Polizei: 25-jähriger Mann bei Messerattacke in Zehdenick getötet

Die Asylbewerberunterkunft in Zehdenick: Hier kam es zum Streit unter zwei Afghanen. Dabei wurde ein 25-Jähriger tödlich verletzt.
dpa/Julian StähleUpdate 06.05. - 14 Uhr:
Bei einem Streit zwischen zwei Afghanen ist ein 25-jähriger Asylbewerber am Dienstagabend gegen 21 Uhr im Zehdenicker Asylbewerberheim am Wesendorfer Weg getötet worden.

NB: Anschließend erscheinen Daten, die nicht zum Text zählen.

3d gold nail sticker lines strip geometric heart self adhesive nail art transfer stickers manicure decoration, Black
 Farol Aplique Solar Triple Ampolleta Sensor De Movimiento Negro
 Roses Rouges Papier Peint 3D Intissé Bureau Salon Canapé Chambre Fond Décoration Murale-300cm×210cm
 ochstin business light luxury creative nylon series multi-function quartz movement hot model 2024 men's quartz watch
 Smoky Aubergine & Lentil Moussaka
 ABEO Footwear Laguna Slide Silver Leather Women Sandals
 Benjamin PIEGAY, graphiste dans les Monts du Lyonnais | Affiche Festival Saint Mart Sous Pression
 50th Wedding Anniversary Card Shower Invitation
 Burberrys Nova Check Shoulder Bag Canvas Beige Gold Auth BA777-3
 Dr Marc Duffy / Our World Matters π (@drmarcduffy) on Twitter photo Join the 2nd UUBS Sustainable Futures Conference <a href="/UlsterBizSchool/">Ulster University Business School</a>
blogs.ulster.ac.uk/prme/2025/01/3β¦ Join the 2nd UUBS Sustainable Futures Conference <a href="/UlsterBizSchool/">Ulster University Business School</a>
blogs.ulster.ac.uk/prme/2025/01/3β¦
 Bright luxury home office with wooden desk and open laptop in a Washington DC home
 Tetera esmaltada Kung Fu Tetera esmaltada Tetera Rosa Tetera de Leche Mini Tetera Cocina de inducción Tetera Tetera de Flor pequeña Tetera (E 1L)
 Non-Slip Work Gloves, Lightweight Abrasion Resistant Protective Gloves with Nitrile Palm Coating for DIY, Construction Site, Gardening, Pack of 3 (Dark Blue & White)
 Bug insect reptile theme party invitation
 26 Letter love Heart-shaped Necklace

Er hatte sich zuvor mit einem 29-Jährigen verbal gestritten. Der Streit eskalierte, es kam zu einer körperlichen Auseinandersetzung. Schließlich soll der Ältere ein Messer gezogen und seinen Kontrahenten erstochen haben. Was der Auslöser des Streits war, könne derzeit noch nicht gesagt werden, das sei Gegenstand der laufenden Ermittlungen, sagte Polizeisprecherin Ariane Feierbach am Mittwochmorgen.
Bei dem Streit wurde offenbar auch der 29-jähriger Angreifer verletzt, der mit einem Rettungswagen in ein Krankenhaus gebracht wurde. Die Feuerwehr Zehdenick war mit drei Fahrzeugen und zwölf Einsatzkräften angerückt, um einen Basketballplatz in der Nähe des Heims auszuleuchten, damit dort ein Rettungshubschrauber landen konnten, sagte Stadtbrandmeister Gerd Leege. Zunächst habe es geheißen, dass es zwei Verletzte gebe, von dem später einer seinen schweren Verletzungen erlegen sei. Nach der Landung des Hubschraubers sei dann aber entschieden worden, dass dieser nicht benötigt werde.
Noch am Tatort konnte die Polizei, die mit einem Großaufgebot angerückt war, den 29-Jährigen in der Unterkunft vorläufig festnehmen. Die Ermittlungen vor Ort werden auch am Mittwoch noch fortgeführt. Die Mordkommission der Polizeidirektion Nord führt die Ermittlungen in enger Abstimmung mit der Staatsanwaltschaft Neuruppin. Gegen den Tatverdächtigen wurde am Mittwochabend Haftbefehl erlassen. Er wurde in eine Justizvollzugsanstalt gebracht.
Bei der Ermittlungen am Tatort kamen am Mittwoch auch Polizeihunde zum Einsatz. Ob es dabei um die Suche nach der Tatwaffe ging, ließ die Sprecherin offen. „Es könnte damit im Zusammenhang stehen“, sagte Feierbach.
Zehdenicks Bürgermeister Bert Kronenberg (parteilos) äußerte sich bestürzt: „Ich bedaure sehr, dass es zu so einer Tat gekommen ist. Gleichwohl bin ich erleichtert, dass weder Einsatzkräfte noch Nachbarn gefährdet wurden.“ Der Landkreis Oberhavel habe ihn über die Ereignisse in dem Heim informiert. Dies habe er zum Anlass genommen, den Vorsitzenden der Stadtverordnetenversammlung, Waldemar Schulz (CDU), sowie die Vorsitzenden der Stadtverordnetenfraktionen in Kenntnis zu setzen, so Kronenberg.